Jakarta - Wakil Ketua Komisi IX DPR RI Yahya Zaini menyoroti hasil survei Asosiasi Pengusaha Indonesia (Apindo) yang mengungkap lebih dari 50% perusahaan telah melakukan pengurangan tenaga kerja atau PHK akibat tekanan ekonomi. Ia prihatin terhadap fenomena ini.
Yahya pun menilai tren pengurangan tenaga
kerja di Indonesia bukan sekadar masalah hubungan industrial, tetapi gejala
sistemik dari krisis adaptasi ekonomi nasional terhadap tekanan global dan
pelemahan daya beli domestik. “PHK besar-besaran tidak hanya berdampak pada
pekerja dan keluarganya, tapi juga menimbulkan efek domino pada stabilitas
sosial dan ekonomi nasional," kata Yahya Zaini dalam keterangan rilisnya,
Rabu (30/7).
Ia juga memandang bahwa kondisi ini
menuntut respons kebijakan yang terintegrasi dan lintas sektor.
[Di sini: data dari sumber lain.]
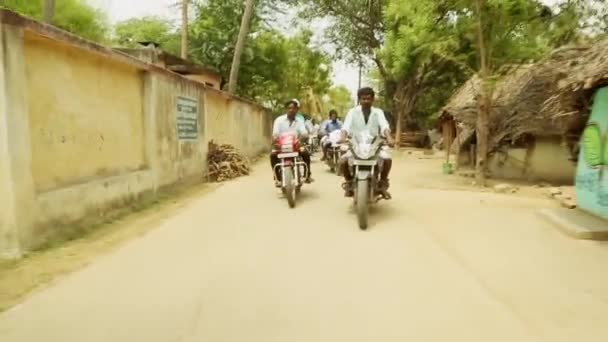 India - 11 mei 2016: politieke rally in de straten van india. algemene verkiezingen is gepland, een heleboel onbekende mensen rijden door motorfietsen in straat. — Stockvideo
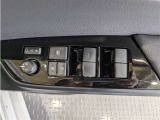 パワーウィンドウのスイッチですよ。 運転席に居ながら窓を開け閉めのコントロールできますよ。 ロック機能で、子供がイタズラして窓を開けるという事も無くなりますよ。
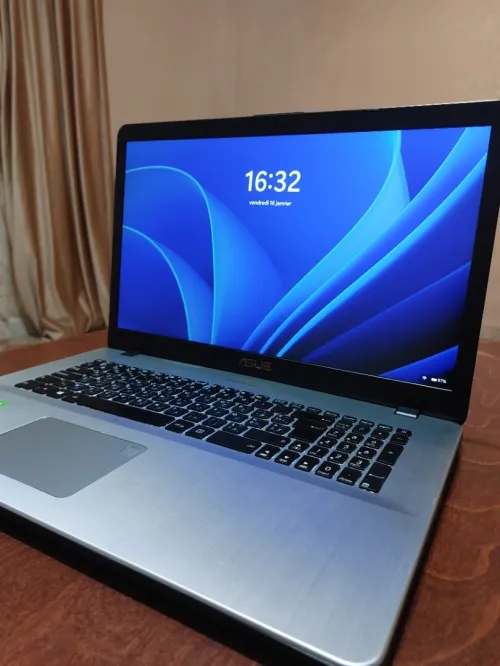 ASUS VIVOBOOK 17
Kemudian, kata
Yahya, tentunya kebijakan yang berpihak pada keberlanjutan usaha serta
perlindungan tenaga kerja. "Kita tidak bisa membiarkan dunia usaha
menanggung beban sendiri tanpa kehadiran negara dalam bentuk intervensi kebijakan
yang konkret,” tuturnya.
Seperti diketahui, Asosiasi Pengusaha
Indonesia (Apindo) melaporkan survei terbarunya yang mengungkap lebih dari 50%
perusahaan sebagai responden risetnya menyatakan telah mengurangi tenaga
kerjanya atau melakukan PHK imbas ketidakpastian ekonomi yang tengah terjadi
saat ini. Kondisi tersebut diperkirakan terus berlangsung ke depannya.
Menyikapi prediksi itu, Yahya mendorong
Kementerian Ketenagakerjaan (Kemenaker) untuk memperkuat program reskilling dan
upskilling tenaga kerja, khususnya sektor-sektor yang mengalami
perampingan. “Harus ada juga skema
perlindungan sosial yang fleksibel dan adaptif terhadap gelombang PHK, terutama
bagi pekerja informal dan kontrak. Tingkatkan pengawasan pelaksanaan PHK agar
tetap dalam koridor hukum dan mengedepankan dialog sosial antara pengusaha dan
pekerja," tegas Legislator dari Dapil Jawa Timur VIII itu.
Yahya pun mengingatkan bahwa keberlanjutan
usaha dan perlindungan tenaga kerja bukanlah dua kutub yang bertentangan. Dalam
situasi krisis, menurutnya, kedua hal tersebut justru harus saling
menopang. "Negara tidak boleh hadir
hanya sebagai penonton, tetapi sebagai pengarah kebijakan yang mampu
menciptakan ekosistem ekonomi yang berkeadilan," tuturnya.